--- DATA Enclosed Below ---

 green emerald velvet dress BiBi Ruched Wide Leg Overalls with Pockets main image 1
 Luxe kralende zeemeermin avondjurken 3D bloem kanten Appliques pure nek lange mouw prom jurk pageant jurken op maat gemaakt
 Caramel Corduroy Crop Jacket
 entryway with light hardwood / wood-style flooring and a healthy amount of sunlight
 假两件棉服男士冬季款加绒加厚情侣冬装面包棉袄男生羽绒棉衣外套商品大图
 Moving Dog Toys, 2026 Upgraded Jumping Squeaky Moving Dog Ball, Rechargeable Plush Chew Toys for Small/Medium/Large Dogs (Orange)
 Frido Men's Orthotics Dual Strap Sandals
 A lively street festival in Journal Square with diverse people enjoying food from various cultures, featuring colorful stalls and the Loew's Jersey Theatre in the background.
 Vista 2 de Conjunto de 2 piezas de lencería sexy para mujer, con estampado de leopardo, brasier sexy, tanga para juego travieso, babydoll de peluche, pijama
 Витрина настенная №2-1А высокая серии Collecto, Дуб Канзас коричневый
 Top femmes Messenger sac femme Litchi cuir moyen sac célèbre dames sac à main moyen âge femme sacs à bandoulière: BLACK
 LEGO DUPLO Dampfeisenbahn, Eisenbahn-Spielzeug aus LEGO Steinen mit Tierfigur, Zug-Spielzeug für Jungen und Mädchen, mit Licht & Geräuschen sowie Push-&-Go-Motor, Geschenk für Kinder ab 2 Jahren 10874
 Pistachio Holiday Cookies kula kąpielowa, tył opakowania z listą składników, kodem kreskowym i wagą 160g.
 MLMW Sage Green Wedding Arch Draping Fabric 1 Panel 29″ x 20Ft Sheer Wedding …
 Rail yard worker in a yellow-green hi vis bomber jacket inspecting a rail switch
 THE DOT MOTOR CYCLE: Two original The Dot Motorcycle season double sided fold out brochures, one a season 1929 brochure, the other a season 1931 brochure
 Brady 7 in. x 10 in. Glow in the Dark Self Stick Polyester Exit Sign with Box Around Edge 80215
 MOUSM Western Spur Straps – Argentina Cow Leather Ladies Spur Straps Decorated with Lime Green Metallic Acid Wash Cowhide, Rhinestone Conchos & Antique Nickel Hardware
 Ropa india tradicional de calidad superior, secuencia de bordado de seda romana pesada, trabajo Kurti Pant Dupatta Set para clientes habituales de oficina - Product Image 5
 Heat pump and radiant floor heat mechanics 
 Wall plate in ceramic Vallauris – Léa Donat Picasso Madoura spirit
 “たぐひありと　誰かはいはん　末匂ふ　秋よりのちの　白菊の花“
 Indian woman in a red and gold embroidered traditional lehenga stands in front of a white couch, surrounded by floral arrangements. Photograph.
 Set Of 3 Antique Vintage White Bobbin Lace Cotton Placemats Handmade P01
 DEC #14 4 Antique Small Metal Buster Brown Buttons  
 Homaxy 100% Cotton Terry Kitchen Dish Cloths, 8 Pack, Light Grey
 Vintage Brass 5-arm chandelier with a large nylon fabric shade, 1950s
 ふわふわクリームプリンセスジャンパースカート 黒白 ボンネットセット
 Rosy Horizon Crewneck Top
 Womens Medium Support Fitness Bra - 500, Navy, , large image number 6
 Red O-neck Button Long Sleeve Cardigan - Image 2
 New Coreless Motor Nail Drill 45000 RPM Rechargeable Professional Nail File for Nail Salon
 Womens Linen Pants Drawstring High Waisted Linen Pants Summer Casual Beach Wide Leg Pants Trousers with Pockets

--- End of Enclosed DATA ---

- TASK STATEMENT -
All lines from the opening of the listing above through the line that contains "THE DOT MOTOR CYCLE: Two" should be given again exactly, and nothing more.

- WRITTEN SOLUTION -
 green emerald velvet dress BiBi Ruched Wide Leg Overalls with Pockets main image 1
 Luxe kralende zeemeermin avondjurken 3D bloem kanten Appliques pure nek lange mouw prom jurk pageant jurken op maat gemaakt
 Caramel Corduroy Crop Jacket
 entryway with light hardwood / wood-style flooring and a healthy amount of sunlight
 假两件棉服男士冬季款加绒加厚情侣冬装面包棉袄男生羽绒棉衣外套商品大图
 Moving Dog Toys, 2026 Upgraded Jumping Squeaky Moving Dog Ball, Rechargeable Plush Chew Toys for Small/Medium/Large Dogs (Orange)
 Frido Men's Orthotics Dual Strap Sandals
 A lively street festival in Journal Square with diverse people enjoying food from various cultures, featuring colorful stalls and the Loew's Jersey Theatre in the background.
 Vista 2 de Conjunto de 2 piezas de lencería sexy para mujer, con estampado de leopardo, brasier sexy, tanga para juego travieso, babydoll de peluche, pijama
 Витрина настенная №2-1А высокая серии Collecto, Дуб Канзас коричневый
 Top femmes Messenger sac femme Litchi cuir moyen sac célèbre dames sac à main moyen âge femme sacs à bandoulière: BLACK
 LEGO DUPLO Dampfeisenbahn, Eisenbahn-Spielzeug aus LEGO Steinen mit Tierfigur, Zug-Spielzeug für Jungen und Mädchen, mit Licht & Geräuschen sowie Push-&-Go-Motor, Geschenk für Kinder ab 2 Jahren 10874
 Pistachio Holiday Cookies kula kąpielowa, tył opakowania z listą składników, kodem kreskowym i wagą 160g.
 MLMW Sage Green Wedding Arch Draping Fabric 1 Panel 29″ x 20Ft Sheer Wedding …
 Rail yard worker in a yellow-green hi vis bomber jacket inspecting a rail switch
 THE DOT MOTOR CYCLE: Two original The Dot Motorcycle season double sided fold out brochures, one a season 1929 brochure, the other a season 1931 brochure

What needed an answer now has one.